The issue ends with promising computational approaches to identify fold switching proteins. Sequence-similar fold switchers are pairs of sequences with distinct folds and differ by only a small number of amino acids in their sequence. Taking advantage of secondary structure (SS) prediction methods[10-12] Kim et al. identify sequence-similar fold switchers by generating distinct SS predictions for both input sequences. Using bioinformatics methods, they compiled a dataset of 19 sequence-similar fold switchers and 207 single-fold protein families. The JPred4 method was found to be the most effective discriminator between fold-switching and single-folding sequence pairs. Following on, in the final paper Mishra et al. use Jpred4 to identify fold switching regions (FSRs) within protein sequences by predicting different secondary structures for the FSR in isolation versus in the context of the full protein sequence. They applied the Jpred4 method to predict α-helix ↔ β-strand prediction discrepancies in a dataset of experimentally known fold switching proteins. Notably these discrepancies are very rare when the same method is applied to randomly selected regions of single-fold proteins.

3 FUTURE DIRECTIONS FOR RESEARCH ON FOLD-SWITCHING PROTEINS

Previous work, along with articles published in this issue, suggest that fold-switching proteins regulate diverse biological processes[13] relevant to human diseases such as COVID-19,[14] cancer,[15] and autoimmune dysfunction.[16] Thus discovering more fold switchers could reveal novel regulatory processes associated with other human diseases. As stated previously, all known metamorphic proteins have been discovered by chance.[17] Moving forward, the field needs systematic methods, likely integrating computation and experiment, to uncover more.

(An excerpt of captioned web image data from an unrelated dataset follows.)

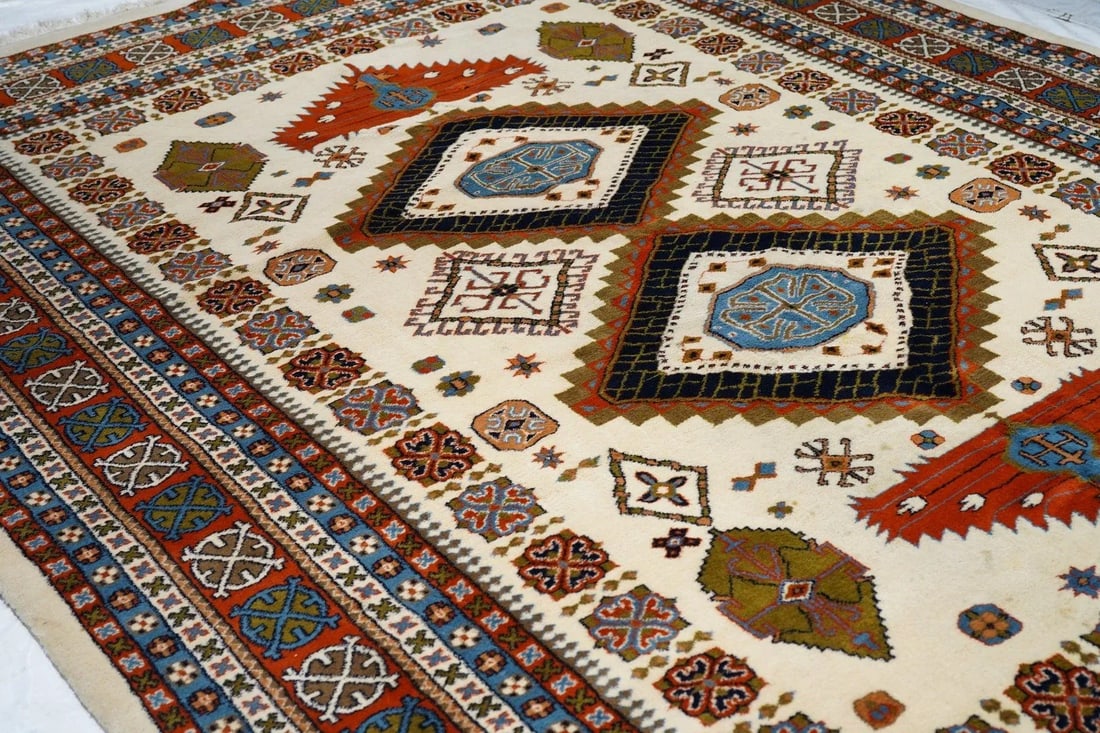 Indian Rug 8'10'' X 11'9'' - 4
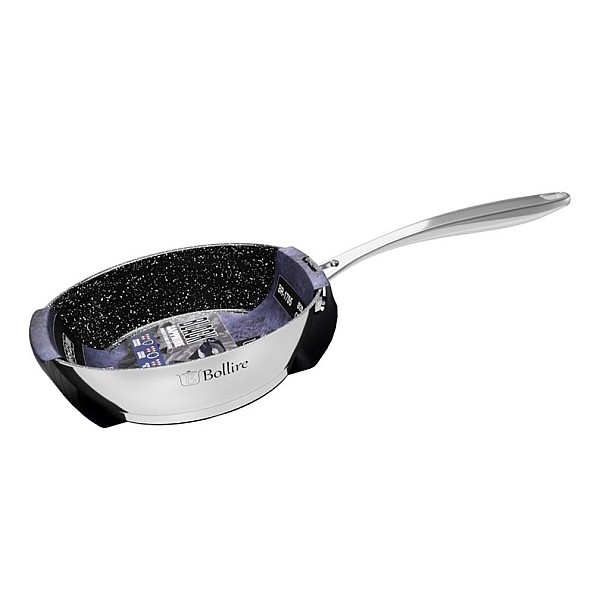 PAN FRYING BOLLIRE BLACK SAPPHIRE 20CM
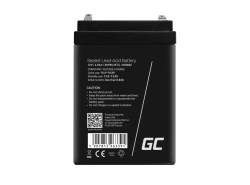 AGM Battery Lead Acid 12V 2.8Ah Maintenance Free Green Cell for gravity and alarm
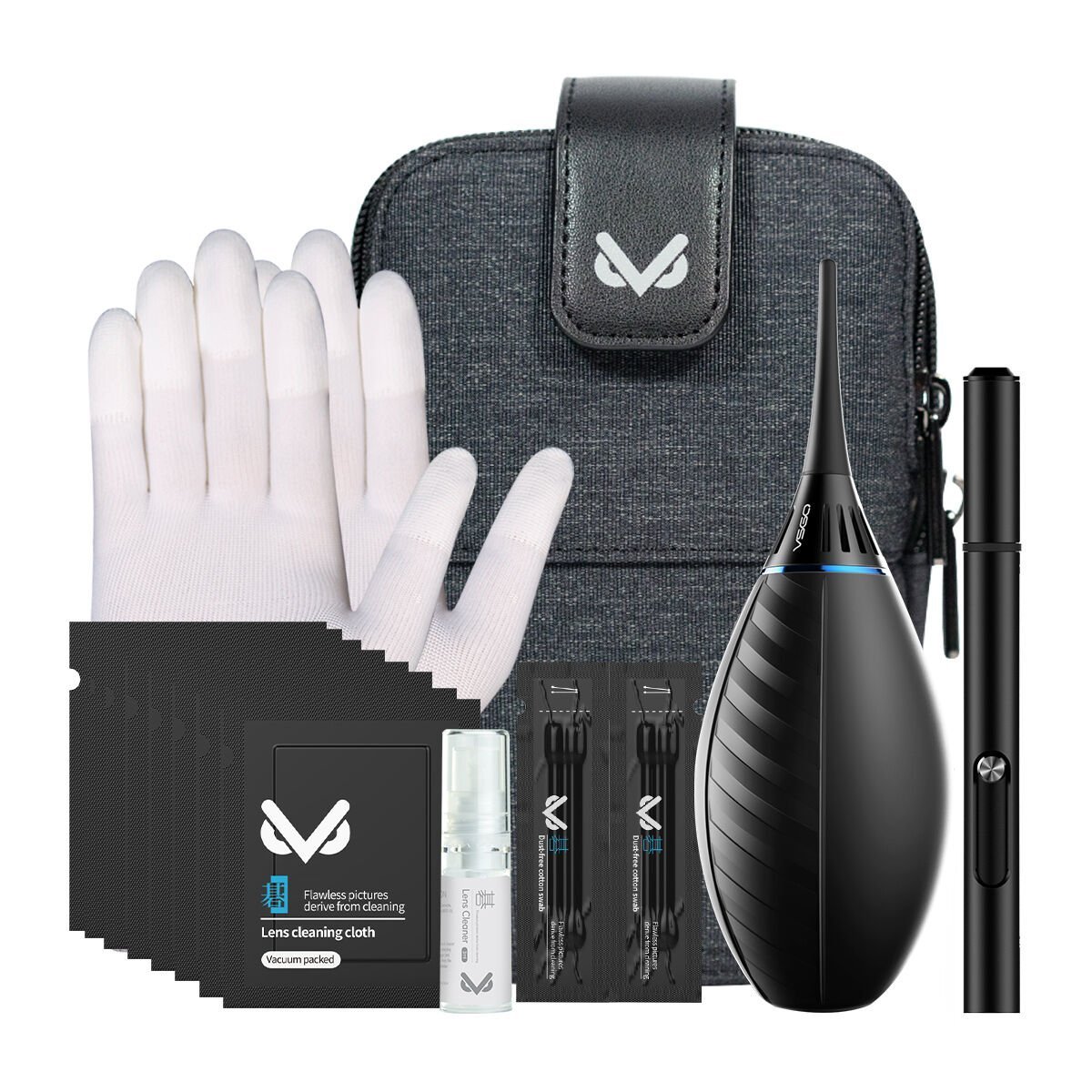 VSGO VS-A3E Kamera Lens Temizleme Kiti Pro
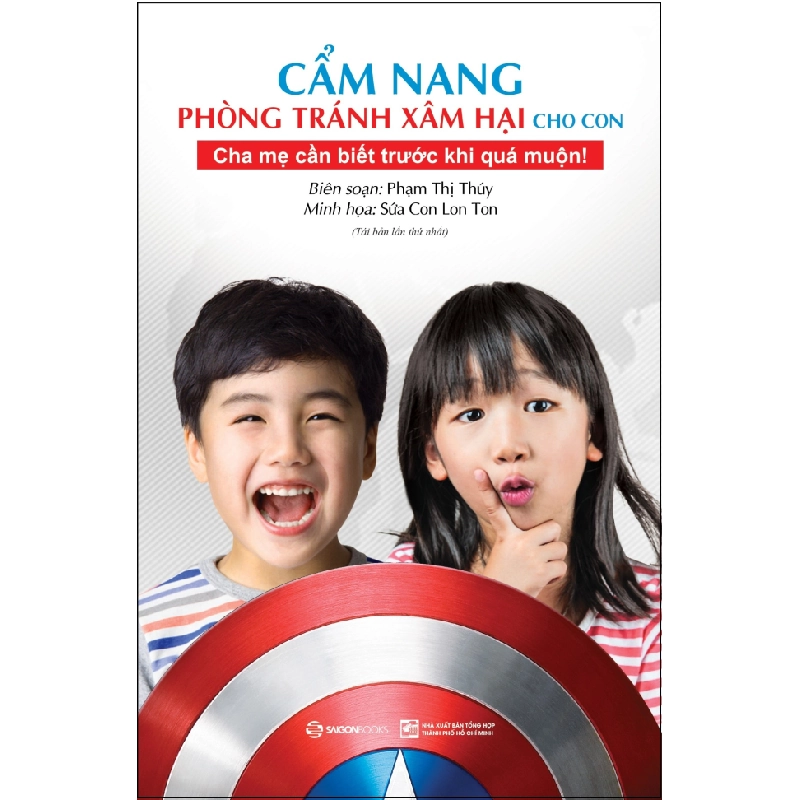 Cẩm nang phòng tránh xâm hại cho con - Những bảo bối của hiệp sĩ TANI - TS. Phạm Thị Thúy2017 New 100% HCM.PO Oreka-Blogmeo 32436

Recently published computational methods for predicting fold switchers,[10, 12] as well as those in this issue, suggest that at least some fold switchers can be identified from their sequences alone. These proofs-of-concept now require experimental validation. To that end, one method has been used to identify fold switchers in the universally conserved NusG family of transcriptional regulators.[18] Validation from circular dichroism and nuclear magnetic resonance (NMR) spectroscopy suggest that this approach accurately classified 10/10 of diverse sequences as fold switchers (6) and single folders (4). By contrast, current state-of-the-art methods, such as AlphaFold2,[19] did not correctly predict the ground-state helical hairpin fold in 5/6-fold-switching variants (the sixth was in the training set[18]). These findings indicate that accurate predictions of fold switchers are still in their infancy, and their biochemical features are yet to be discovered. Nevertheless, the success of existing predictive methods holds promise for further progress.

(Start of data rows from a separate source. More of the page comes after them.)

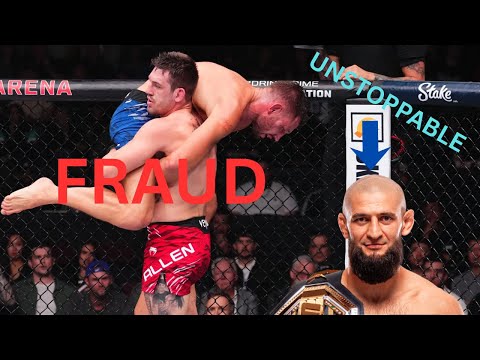 Nobody is stopping Khamzat after this!!! RDR vs Brendan Allen reaction and middleweight matchmaking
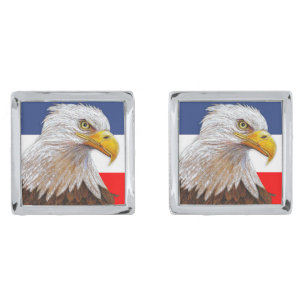 American Bald Eagle Cufflinks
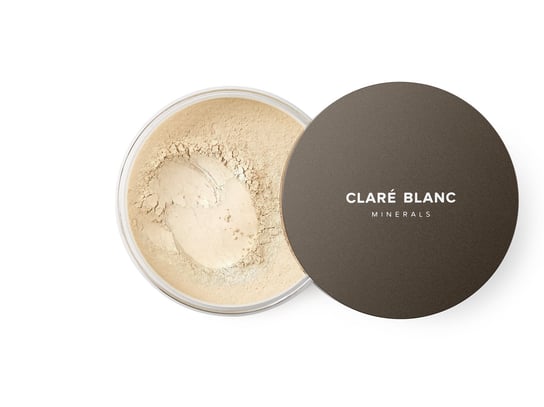 Clare Blanc, podkład mineralny Warm 530, SPF 15, 14 g Clare Blanc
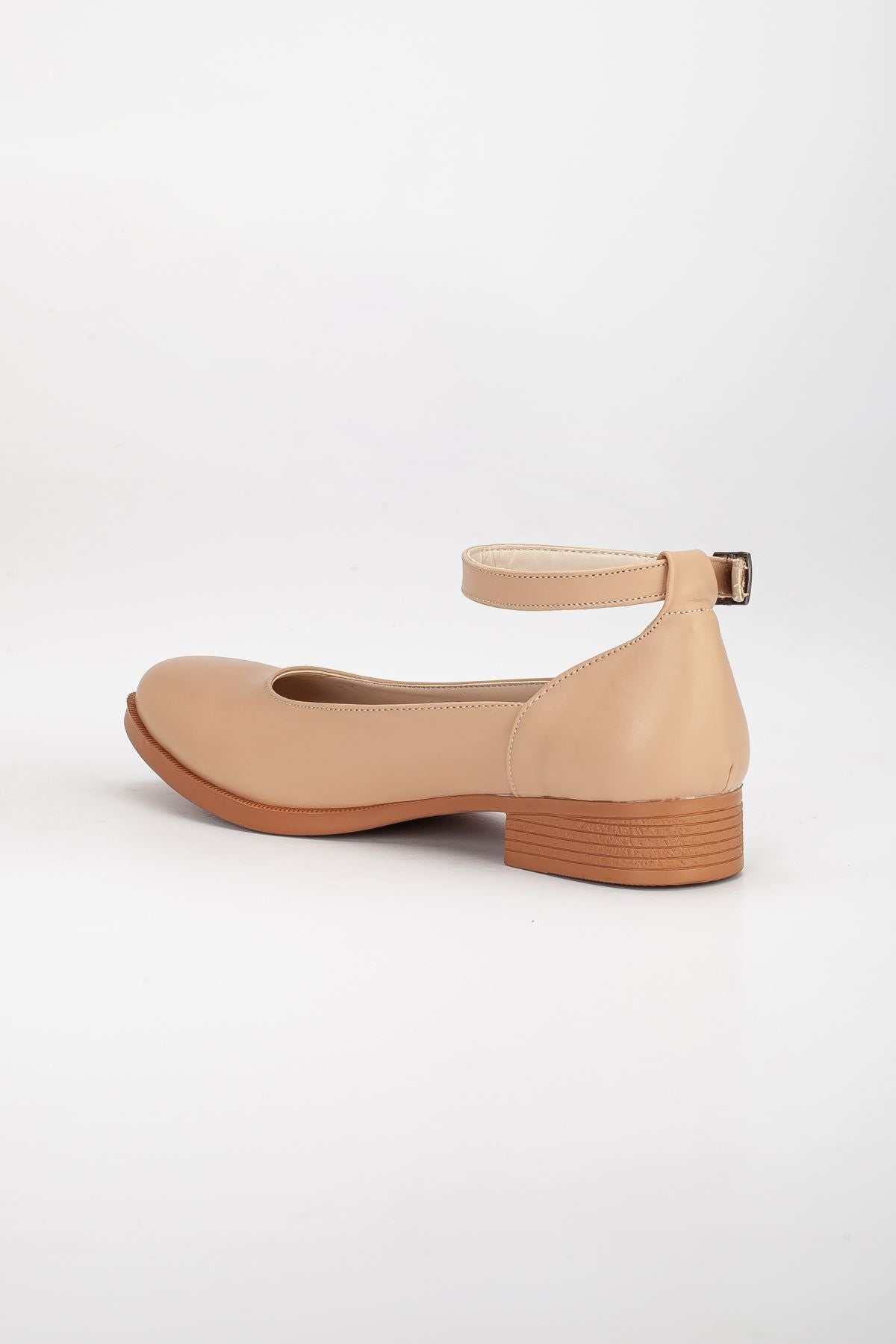 Beta Kısa Topuklu Ayakkabı Siyah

As computational methods advance, experimental methods to assay and characterize fold switchers will also require development. Currently, the mechanisms by which proteins switch folds are largely opaque, though some insights have been gained through NMR spectroscopy[20] and single-molecule experiments.[21] Cryo-EM is likely to elucidate more fold switchers as many of these proteins switch upon binding another macromolecule, such as the SARS-CoV-2 protein, Orf9b.[14] Additionally, because cryo-EM can be used to determine the structures of smaller and smaller proteins that may resist crystallization, it could reveal more fold-switching proteins. Given the rapid advances of both computational and experimental techniques, the future is bright for the field.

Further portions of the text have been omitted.